最終決戦前の会議

 イアペトスとの戦いから一夜明け、まだ眠いのに起きなければならなかった。


「まだ朝だろうに……」


 ホテルは完全に壊れたので、他の立派な建物に泊まることで決着がつく。

 そして優雅に寝ていたら、やはり朝が早くて絶望している。


「普通は朝起きるんだよ」


 シルフィが一緒に寝ている。

 本人いわく、がんばったご褒美だとか。これでいいのかは知らん。

 がんばったのは事実だし、他人に見られないならよしとする。


「そろそろみんな起きる頃だよ」


「なるほど、俺に団体行動はできんな」


 やはり他人は邪魔になる。起きる時間くらい俺が決めたいんだよ。

 これも全部アホみたいなイベント始めた神のせいだ。


「ごめんね。巻き込んじゃって。本当ならお誕生日会だけして終わるはずだったのに」


「大丈夫だって。もうすぐ終わる。シルフィもがんばったろ」


 シルフィの頭が俺の胸あたり、つまり撫でやすい位置に移動している。

 撫でろということだ。仕方がないので撫でる。あまり慣れてはいけない行動だが、こいつもストレスが尋常じゃないだろうし、少しは軽減してやろう。


「あまり無理はするなよ。最悪俺がどうにかする」


「へーきへーき。みんなでなんとかするから」


「騎士団も強いから、そうそう負けないはずだ。あとは試練突破して犯人見つけりゃいい」


「へーき……だよね?」


 声のトーンが下がった。やはり不安が完全に解消されているわけではないな。


「また……平和で楽しいフルムーンが戻るよね」


「当然だ」


「ノアの時さ、これからやっと前みたいに笑える家に戻るんだーって、もう平和になったから、あとは上がっていくだけだって。なのにまた神様が来て」


「来たところで敵なら叩き潰せばいいさ」


 俺たちの平穏を脅かすものは、何者であろうと干渉しないで欲しい。

 まず避けてやる。それでも攻撃してくるなら消す。それが最も安全で効率がいいからだ。

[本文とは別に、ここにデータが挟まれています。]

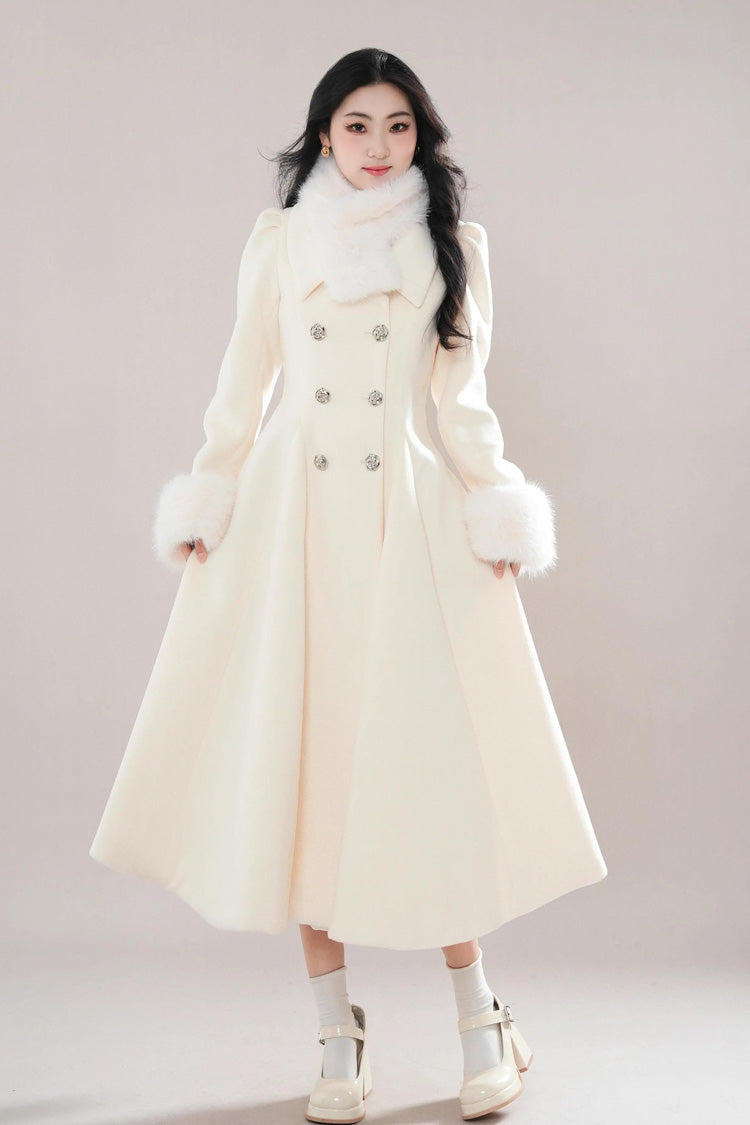 Beige Double-breasted Long Sleeves Removable Fur Collar Sweet Elegant Princess Lolita Coat - Product - 3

「余計なことは考えるな。まず自分が生き残ることだけ考えな。騎士団もそれを望んでいる」


「それは……わかるけど」


「はいはい、お前はそうやって難しく考えすぎだ。ほれほれ、落ち着け」


 できるだけ優しく頭を撫でる。正直子供への対応な気がしなくもない。俺に他人を慰める方法なんてわからんよ。

 寄り添ってくるので、しばらく無言で撫でてやる。


「またみんなで……ご飯食べたり、クエスト行ったり、おうちで遊んだり……」


「できるさ。そのためにもシルフィと…………サクラさんだけは絶対に無事に帰すぞ」


「ねえさま?」


 ここで気づいた。サクラさん超重要だ。俺も見知らぬ土地で判断が鈍っていたか。いかんいかん。こんなことでどうする。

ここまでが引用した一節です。